Source data:
= = = =
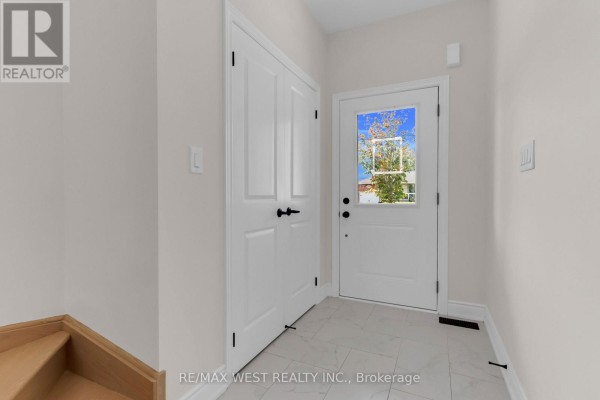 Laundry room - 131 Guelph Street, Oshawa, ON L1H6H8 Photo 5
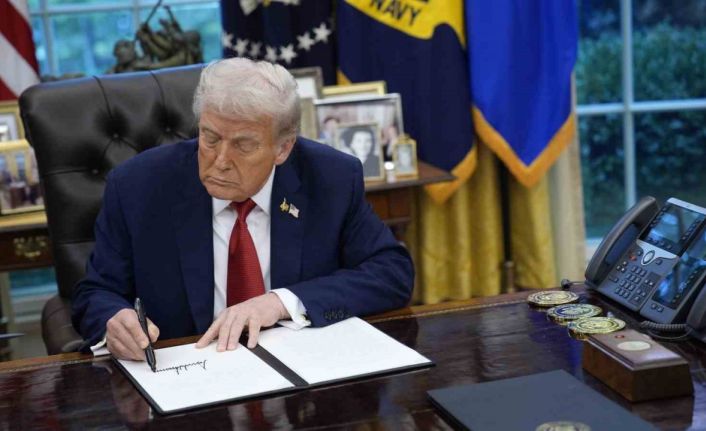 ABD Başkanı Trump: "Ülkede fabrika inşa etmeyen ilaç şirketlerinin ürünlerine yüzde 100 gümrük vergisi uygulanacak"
= = = =
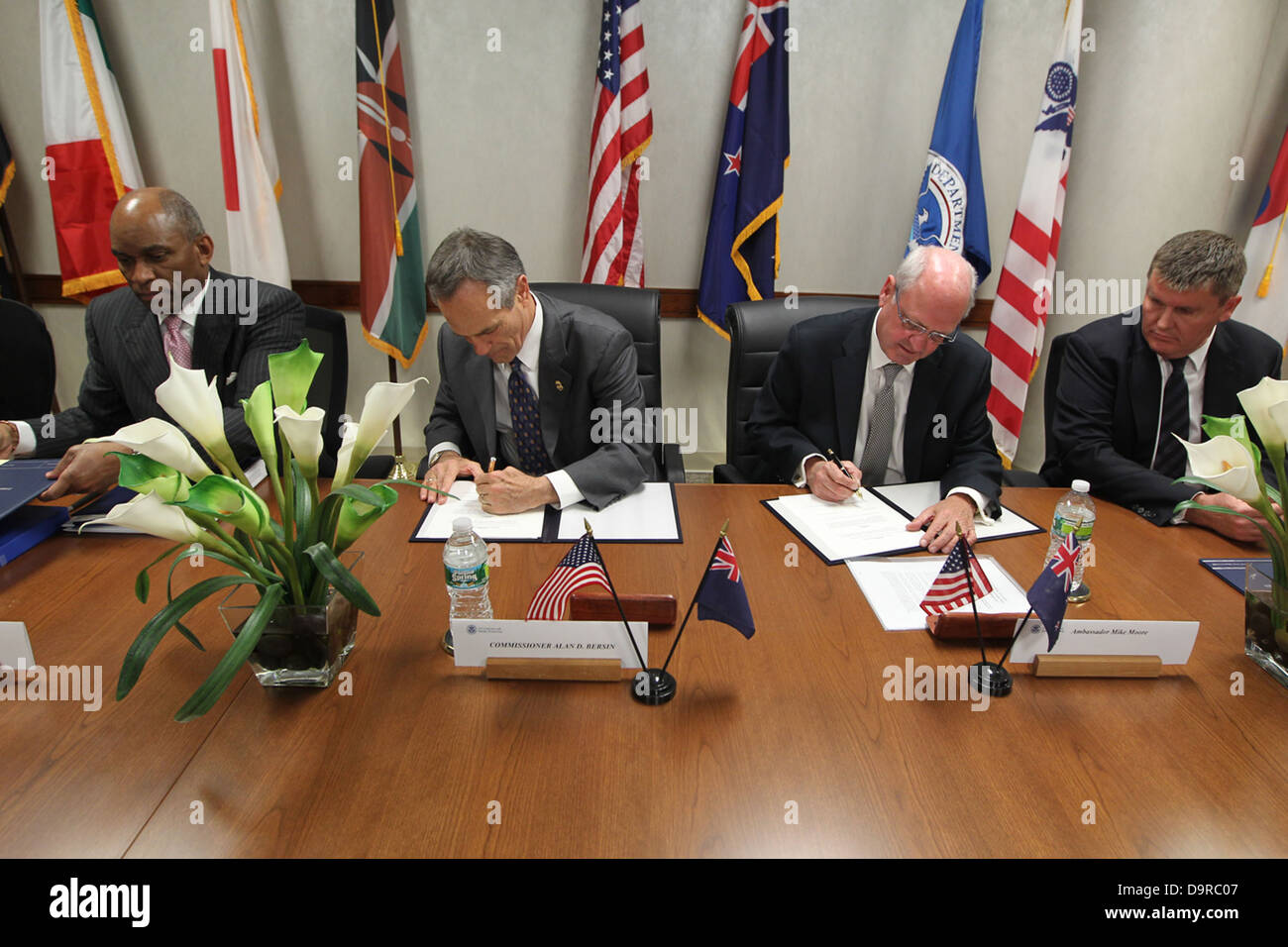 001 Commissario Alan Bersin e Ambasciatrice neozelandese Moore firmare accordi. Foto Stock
= = = =
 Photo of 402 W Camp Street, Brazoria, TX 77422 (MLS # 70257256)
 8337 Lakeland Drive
= = = =
Exercise goal:
In the entries above, find the line containing "Laundry room - 131" and the line containing "fabrika inşa etmeyen", then copy both and every line between them exactly, without any picture.

Solution:
 Laundry room - 131 Guelph Street, Oshawa, ON L1H6H8 Photo 5
 ABD Başkanı Trump: "Ülkede fabrika inşa etmeyen ilaç şirketlerinin ürünlerine yüzde 100 gümrük vergisi uygulanacak"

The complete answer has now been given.